The temperature level in the second stage is controlled partly in the usual manner by the production level, i.e. the so-called kappa factor control, and partly by means of the chemical addition to the first stage, so that a higher chemical charge to the first stage should result in a higher temperature in the second stage. The temperature is controlled so that a final pH of from about 10.5 to 11.5, preferably from about 10.7 to 11.0, is obtained. The factor between a change in chemical charge and the temperature level is adjusted manually by means of a final pH as mentioned above. However, the increase in temperature between the first and second stage should always be less than about 20°C, preferably from about 10 to 15°C, in order to avoid too large cellulose degradation due to high temperature.
Normally, however, no compensation takes place of the temperature in the first stage with respect to the chemical addition and production level.
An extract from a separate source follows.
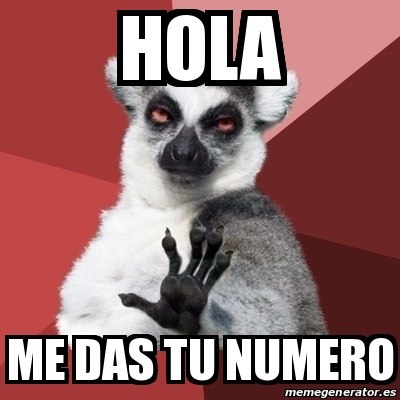 Meme Chill Out Lemur - hola me das tu numero - 24071621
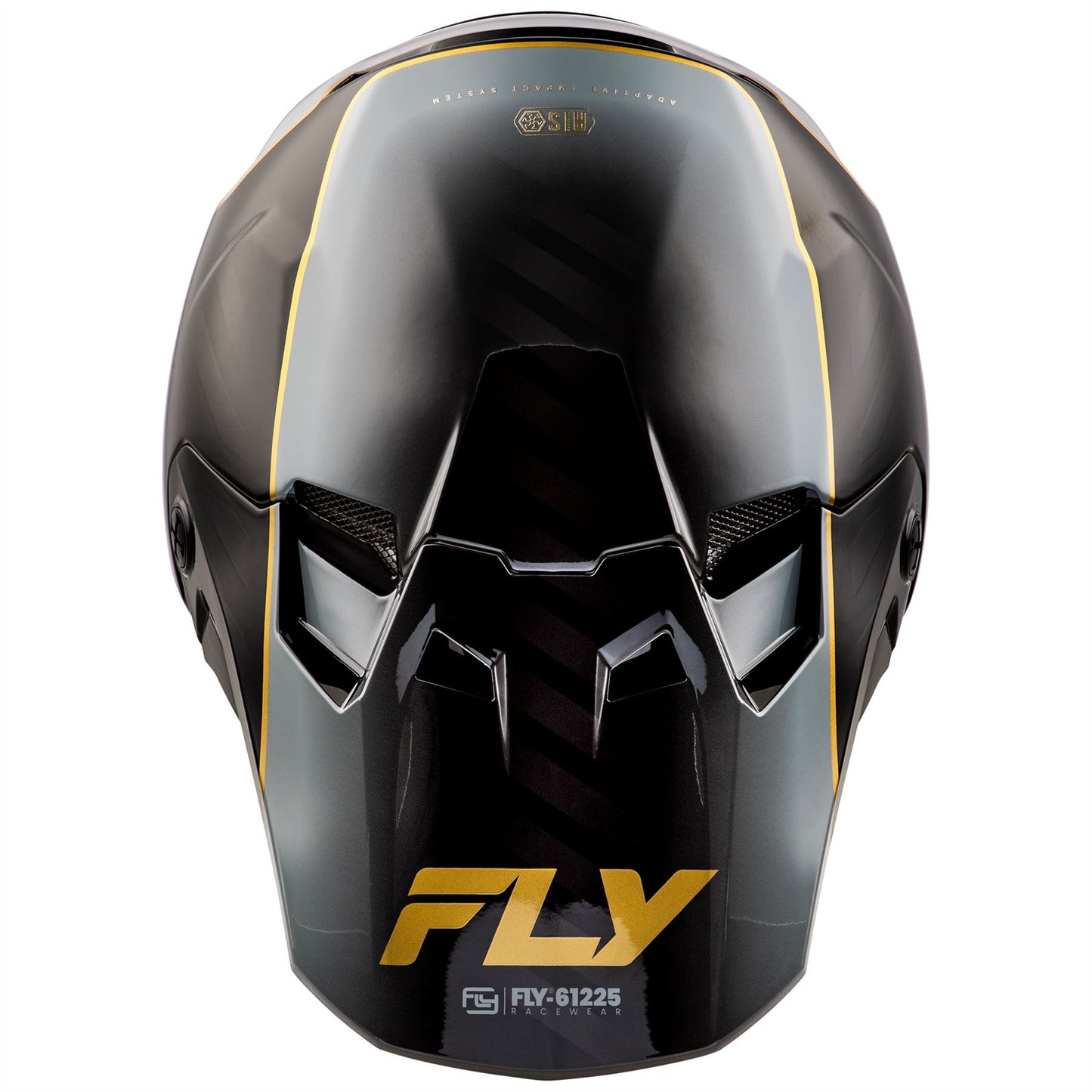 Fly Racing 2025 Formula CC Underglow Motocross Helmet Black Grey Gold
The pulp ingoing to the first stage is not heated, but it may require some cooling, so that a temperature suitably low for the process is obtained, i.e. below about 90°C
The control of the oxygen delignification according to the present invention implies that a high degree of delignification with good selectivity can be obtained. A low and even kappa number and an even pH-value can be obtained after the second delignification stage.
Although the invention herein has been described with reference to particular embodiments, it is to be understood that these embodiments are merely illustrative of the principles and applications of the present invention. It is therefore to be understood that numerous modifications may be made to the illustrative embodiments and that other arrangements may be devised without departing from the spirit and scope of the present invention as defined by the appended claims.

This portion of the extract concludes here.